Annesinin Kont ve bu evlilik hakkında gerçekleri bilmemesinden dolayı onlara gösterdiği saygıya Alex burun kıvırmıştı ancak hayatı boyunca bu anlaşmayı asla açık etmeyi planlamıyordu.
"Kont, hoşgeldiniz." Alex saygılı ancak ciddi bir tonlamayla Kont'un elini sıktı. Leydilere de başıyla selam vermişti.
Kont, herkes ile göz kontağı kurduktan sonra, "Hoşbulduk, teşekkür ederiz. Kızım sarılmayacak mısın yoksa?"
Emma, o ana kadar tepkisiz kaldığını fark etmemişti.
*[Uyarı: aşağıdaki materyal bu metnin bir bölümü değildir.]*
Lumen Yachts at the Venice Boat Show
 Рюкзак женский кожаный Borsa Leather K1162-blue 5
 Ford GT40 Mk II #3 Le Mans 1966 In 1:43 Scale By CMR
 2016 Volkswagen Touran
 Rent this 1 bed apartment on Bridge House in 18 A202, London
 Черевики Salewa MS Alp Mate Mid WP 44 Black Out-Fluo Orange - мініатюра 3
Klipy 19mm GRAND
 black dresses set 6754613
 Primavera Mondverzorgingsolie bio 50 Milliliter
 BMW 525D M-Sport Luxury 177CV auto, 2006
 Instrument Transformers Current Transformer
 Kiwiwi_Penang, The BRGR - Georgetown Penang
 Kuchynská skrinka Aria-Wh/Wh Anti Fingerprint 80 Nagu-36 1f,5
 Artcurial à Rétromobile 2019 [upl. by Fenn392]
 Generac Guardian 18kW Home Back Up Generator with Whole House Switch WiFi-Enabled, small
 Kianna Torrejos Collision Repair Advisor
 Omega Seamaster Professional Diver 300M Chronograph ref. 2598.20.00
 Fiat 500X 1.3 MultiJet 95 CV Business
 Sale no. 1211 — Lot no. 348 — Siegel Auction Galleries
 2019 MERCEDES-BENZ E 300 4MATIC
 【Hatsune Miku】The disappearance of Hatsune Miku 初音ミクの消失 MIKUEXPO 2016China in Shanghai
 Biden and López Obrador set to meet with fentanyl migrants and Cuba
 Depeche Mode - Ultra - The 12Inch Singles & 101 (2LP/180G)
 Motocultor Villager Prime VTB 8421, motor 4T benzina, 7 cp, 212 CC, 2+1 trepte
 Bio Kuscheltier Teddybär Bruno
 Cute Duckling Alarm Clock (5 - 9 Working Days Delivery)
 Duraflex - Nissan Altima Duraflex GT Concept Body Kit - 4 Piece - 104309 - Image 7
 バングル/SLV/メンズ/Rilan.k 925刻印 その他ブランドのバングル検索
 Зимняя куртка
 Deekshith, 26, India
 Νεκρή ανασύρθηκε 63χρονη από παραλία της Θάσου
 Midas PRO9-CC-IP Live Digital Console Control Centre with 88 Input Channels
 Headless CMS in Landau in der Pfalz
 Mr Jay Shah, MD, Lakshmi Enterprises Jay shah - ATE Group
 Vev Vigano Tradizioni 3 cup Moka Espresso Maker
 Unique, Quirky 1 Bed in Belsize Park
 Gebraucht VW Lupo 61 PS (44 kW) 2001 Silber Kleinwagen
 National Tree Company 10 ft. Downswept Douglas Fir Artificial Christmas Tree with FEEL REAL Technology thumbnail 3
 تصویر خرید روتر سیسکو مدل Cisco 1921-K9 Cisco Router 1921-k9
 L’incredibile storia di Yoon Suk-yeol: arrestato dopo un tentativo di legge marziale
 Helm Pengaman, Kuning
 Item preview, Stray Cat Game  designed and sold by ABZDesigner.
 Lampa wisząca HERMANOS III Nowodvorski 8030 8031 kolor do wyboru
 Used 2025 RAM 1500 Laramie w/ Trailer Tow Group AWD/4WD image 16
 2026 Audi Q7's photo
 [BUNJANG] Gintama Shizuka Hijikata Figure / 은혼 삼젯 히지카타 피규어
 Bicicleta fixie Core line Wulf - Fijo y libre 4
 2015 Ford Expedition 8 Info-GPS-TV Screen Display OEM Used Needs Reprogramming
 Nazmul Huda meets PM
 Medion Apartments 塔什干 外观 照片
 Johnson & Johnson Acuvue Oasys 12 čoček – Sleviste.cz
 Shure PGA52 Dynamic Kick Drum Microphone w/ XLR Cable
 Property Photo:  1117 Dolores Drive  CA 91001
Ancak onu asıl şaşırtan şey ise babasının sarılma isteğiydi.
"Özür dilerim Kont'um." yanına giderek kısa ve soğuk bir sarılmanın ardından ablalarına baktı.
Her ikiside mükemmel görünüyorlardı. Bu kadar yolun ardından ikisi de hiçte Emma'nın geldiği zaman ki gibi yorgun ve dağılmış görünmüyorlardı. Sanki az sonra baloya gitmek üzere hazırlanmış ve odalarından çıkmış gibiydiler.
Lisa, Victoria'ya göre nispeten daha sıcak bakıyordu ya da en azından daha az soğuk. Ablalarına reverans yaparak tekrar geri Alex'in yanına döndü.
Sessizliği yaşlı Düşes bozdu.
"Ayakta kalmayınız, buyrunuz lütfen." ardından misafirlerin yol yorgunluğunu atmaları için sıcak içecek ikramı için çalışanların servise başlamalarını istedi.
Emma, ailesini inceliyordu. Babasının sıcakkanlı bir duruş sergilemeye çalışmasına anlamıyordu ama arkasında bir amaç olduğunu düşündü. Victoria, burnu havada ve keskin gözleriyle odayı ve eşyaları inceliyordu. Arada sırada Alex'e baktığını gördü. Belki de babası böyle istemeseydi evlenecek kişi kendisi olduğu için Dük ve evi, kaçırdığı şansı inceliyordu. Lisa, kısa bir gözlemin ardından başka bir şeyle ilgilenmemişti.